After his release on a bail for 5,000 Nepalese rupees (US$41) on April 8 of that year, he was immediately re-arrested for “outraging religious feelings” and “proselytizing.”

An exorbitant bail amount of 500,000 Nepalese rupees (US$4,084) was set. When released on May 13, 2020, he was once again immediately re-arrested on a third set of charges and transferred to Dolpa prison.

Charges were filed on May 21, 2020 under Section 158 (1) of the Nepal Criminal Code, which prohibits converting anyone from one religion to another, and Section 158 (2), which prohibits undermining one’s religion with the intention of converting another person.

After rejection of bail on May 22, 2020 he was released on July 3, 2020 on a bail amount equivalent to US$2,500.
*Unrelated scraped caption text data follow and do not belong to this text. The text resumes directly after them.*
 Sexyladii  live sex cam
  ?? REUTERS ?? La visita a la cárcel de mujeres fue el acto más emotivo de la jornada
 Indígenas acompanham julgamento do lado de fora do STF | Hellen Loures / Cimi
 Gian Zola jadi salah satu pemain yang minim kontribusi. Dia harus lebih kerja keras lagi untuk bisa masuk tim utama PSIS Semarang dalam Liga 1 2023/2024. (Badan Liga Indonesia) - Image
The Dolpa District Court later sentenced him to the two years in prison and the fine of US$167 under the country’s proselytization law. He was arrested Nov. 22, 2021, and released on bail on Dec. 24 of the same year.
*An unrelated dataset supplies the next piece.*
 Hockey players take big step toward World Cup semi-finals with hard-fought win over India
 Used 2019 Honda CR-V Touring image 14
“The Pokhara case pertaining to ‘spreading false information’ was dismissed after paying a fine of 10,000 Nepali rupees in April 2023,” said Pastor Acharya.

The proselytizing case went in Pastor Acharya’s favor in May 2023, for “they could not find any evidence that I forcefully converted anybody,” he said. “The government attorney appealed in the High Court as well, but I was acquitted.”

Tehmina Arora, Asia director for ADF International, said no one should live in fear of being arrested or criminally charged for peacefully sharing their religious beliefs.

“And no one should be sent to prison for praying and sharing their faith,” Arora said. “In upholding Pastor Keshab’s prison sentence, the Supreme Court of Nepal has not only violated his basic human rights to religious freedom, but also missed out on a crucial opportunity to set a positive precedent allowing others to engage in prayer and evangelism without fear of punishment.”

ADF International urged the Nepali government to ensure that all people are able to freely practice and profess their faith by safeguarding fundamental freedoms in line with its international commitments.

Continuing to shepherd Abundant Harvest Church in Pokhara until he is summoned to prison, Pastor Acharya, his wife Junu and two sons, 6 and 5, stay hopeful and in prayer.

“I praise God that two of the three cases are over,” Pastor Acharya said. “I pray that the third too would be resolved. I thank all those who prayed for me and my family in all these years of trial.”